Sul primo fronte, le funzioni della nuova agenzia corrispondono a quelle del ministero, a cui si aggiungono però alcune novità importanti tra cui il coordinamento di politiche attive e condizionalità dei sussidi di disoccupazione (molto più di prima il sussidio di disoccupazione è condizionato alla attiva ricerca di un lavoro); l’accreditamento nazionale dei privati titolati a gestire politiche attive e la valutazione dei loro risultati nella ricollocazione dei disoccupati, in capo all’Anpal; la definizione della procedura di “profilazione” dei disoccupati ai fini della loro assegnazione a una classe di occupabilità e la determinazione dell’ammontare del loro personale assegno di ricollocazione attraverso una procedura automatizzata.
Il decreto disegna un sistema in cui i centri dell’impiego (che notoriamente sono a corto di personale e risorse) svolgono il compito essenziale di “profilare” il disoccupato e di stringere con lui un patto di servizio in vista della gestione della condizionalità. Queste funzioni sono completamente automatizzate proprio per alleviare il peso della burocrazia. Inoltre, tutti questi servizi possono essere forniti in regime di quasi-mercato, per salvaguardare le regioni che già hanno adottato questo sistema. L’agenzia ha l’obbligo di fornire servizi di ricollocazione adeguati e il lavoratore ha l’obbligo di collaborare col tutor.

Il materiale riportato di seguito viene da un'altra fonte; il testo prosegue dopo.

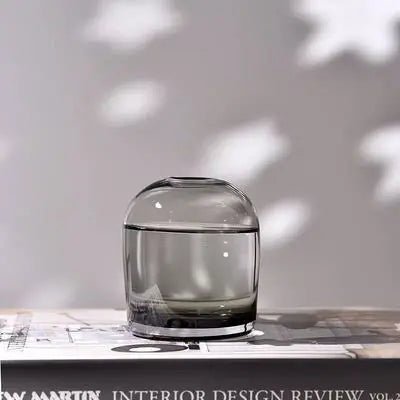 European Style Creative Flower Vase - The House Of BLOC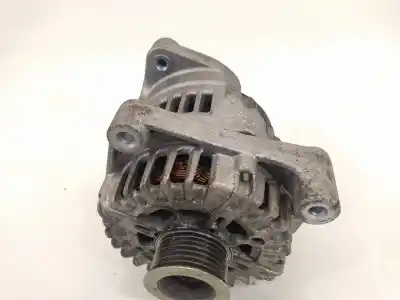 Second-hand car spare part alternator for bmw x5 (e70) xdrive30d oem iam references 7803724  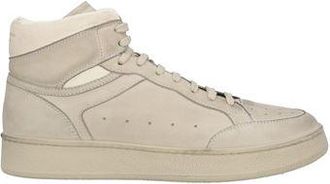 Officine Creative CALZADO - Sneakers en YOOX.COM
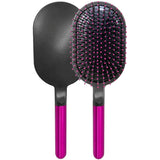 ?etka za raspetljavanje kose - profesionalna ?etka za stilizovanje kose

Almeno all’inizio, il successo dell’Anpal si gioca sulla gestione dell’assegno di ricollocazione, che ha una sua dotazione finanziaria autonoma, ma che nei prossimi anni andrà pagato con le risorse dei programmi operativi nazionali e regionali cofinanziati con fondi strutturali europei. E solo la collaborazione tra regioni e agenzie private può garantirne il successo, in attesa della modifica costituzionale su competenza delle politiche attive e trasferimento dei centri per l’impiego pubblici dalle provincie alle regioni. Qui diventano quindi cruciali i dettagli su quanti assegni di ricollocazione emettere e dopo quanto tempo trascorso in disoccupazione.